** Opening SOURCE MATERIAL block **

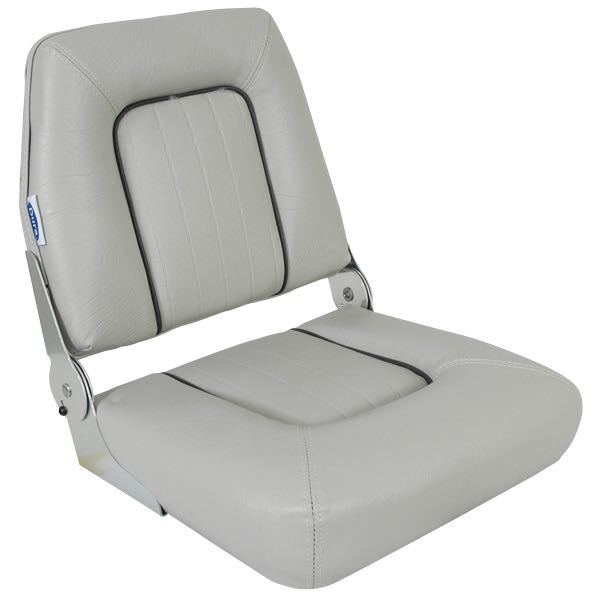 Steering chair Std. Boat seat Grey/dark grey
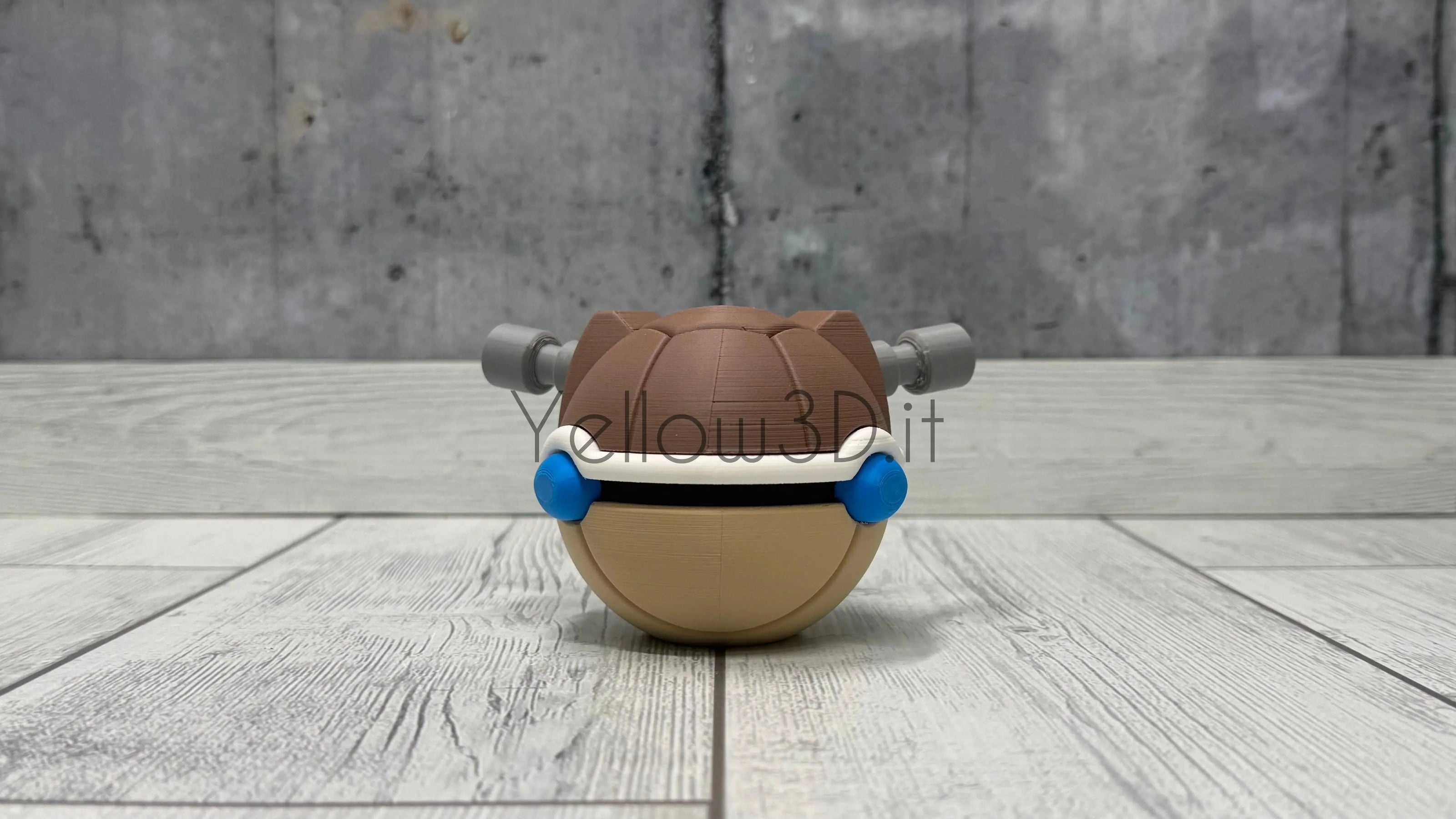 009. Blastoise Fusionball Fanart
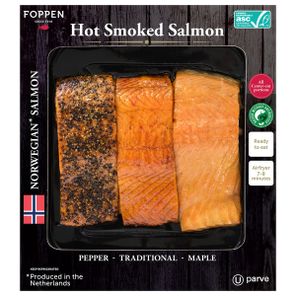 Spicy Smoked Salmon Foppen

** Closing SOURCE MATERIAL block **

WHAT THE TASK REQUIRES: Repeat the line containing "009. Blastoise Fusionball Fanart" and every line after it up to the end of the material above, exactly as they stand, minus the pictures.

EXPECTED ANSWER:
 009. Blastoise Fusionball Fanart
 Spicy Smoked Salmon Foppen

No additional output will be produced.